So here are the specs:
Processor: Intel P4 3.06 w/HT (upgraded from my original 2.53 Northwood)
RAM: 2GB DDR 400 (I think I originally had 2x512mb)
Video: Radeon 9800 Pro (upgraded from my original Ti4200)
HDD: 120GB Seagate IDE

I don't really mess with Linux too much, but I've used Linux Mint a little bit. I downloaded Linux Mint 19.1 MATE 32-bit to play around with, but it's still pretty laggy.

Any other suggestions? Lubuntu? Mint with XFCE?
 
Pretty much any distro running XFCE should be fine. I wouldn't suggest anything heavier then that. Gnome and KDE would both eat half or close to half of your ram just running.

XFCE is a nice mix of still modern looking and not being heavy.

The main issue you will run into running Linux on an old P4 or Core based system will be the massive performance penalty from all the security on the new kernels to patch intels terrible hyper threading flaws.

The easy fix there is to turn them off in your kernel parameters.

When your up and running.... when you see the grub boot screen. push the "e" key to edit your boot options.

You will see a bunch of stuff here you likely won't recognise if your new to Linux the boot options for most major distros you'll see something like this;
GRUB_CMDLINE_LINUX_DEFAULT="quiet splash"
What you want to do is basically turn off Specter and meltdown protections. (yes you won't be protected I assume you won't really be doing your banking or anything on a P4 :) )
To do that you need to add some extra parameters to your kernel boot....
pti=off spectre_v2=off l1tf=off nospec_store_bypass_disable no_stf_barrier
So scroll to the grub cmdlin call and add those....
GRUB_CMDLINE_LINUX_DEFAULT="quiet splash pti=off spectre_v2=off l1tf=off nospec_store_bypass_disable no_stf_barrier"
Once you have added that you can boot (I think its F3 or F5 from that screen its been awhile but it should list your options on screen)

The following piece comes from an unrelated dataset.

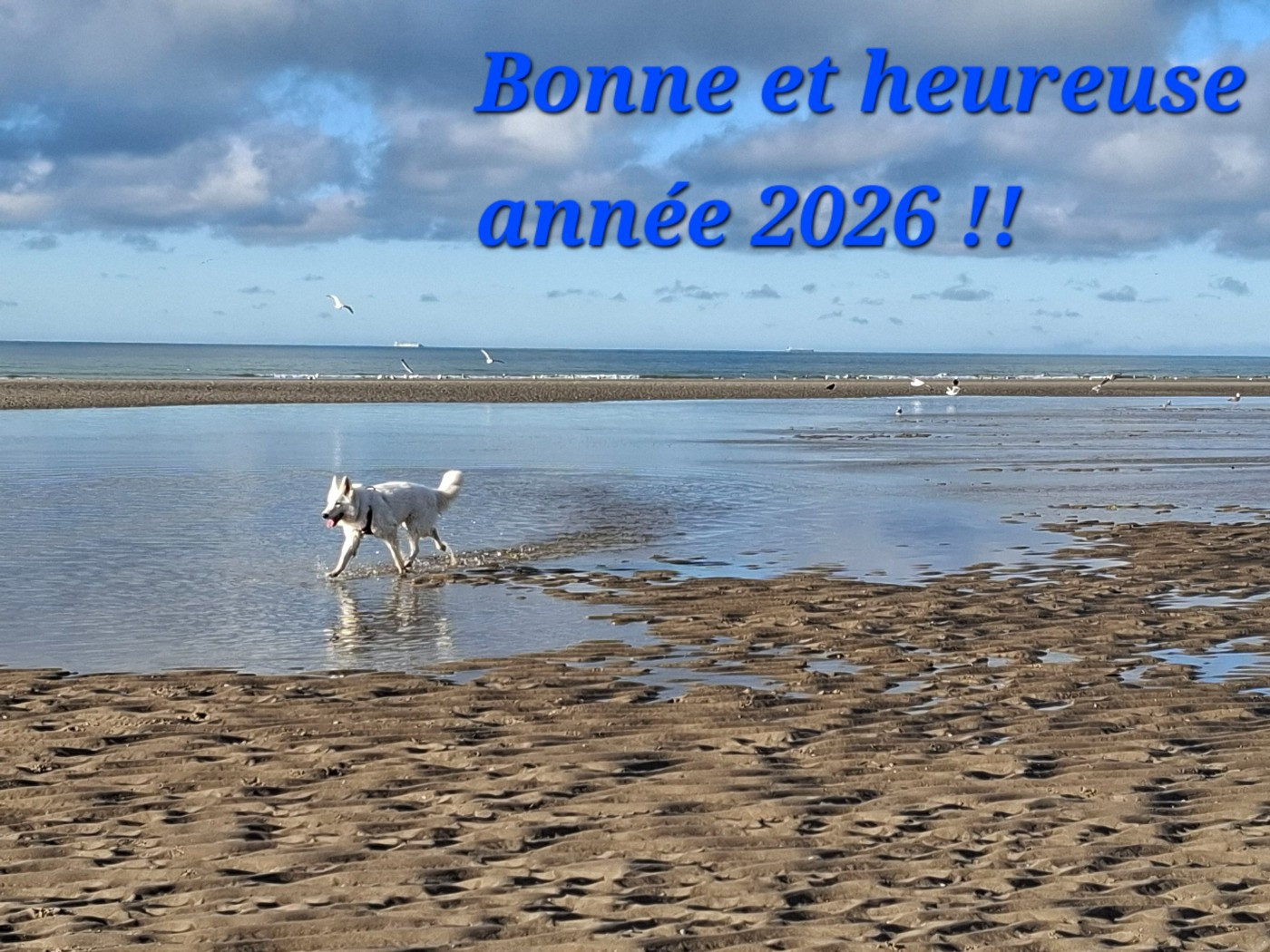 Ruby Du Moulin De Beuvry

I would boot that way once and see if its still sluggish... if that does the trick to make it permanent you will have to add those parameters to your grub file at;
/etc/default/grub
Then rebuild your boot image... (that will vary by distro... you will have to look that up.) When ever you chanage kernels Linux builds a grub boot image that pulls all that config data in... so if you make changes to kernel boot options you have to rebuild that image.
 
I appreciate your input. I will give that a try later today. Thanks.
 
Upgrading to a cheap SATA SSD would be a big improvement. Another 2GB of RAM wouldn't hurt either.
 
Upgrading to a cheap SATA SSD would be a big improvement. Another 2GB of RAM wouldn't hurt either.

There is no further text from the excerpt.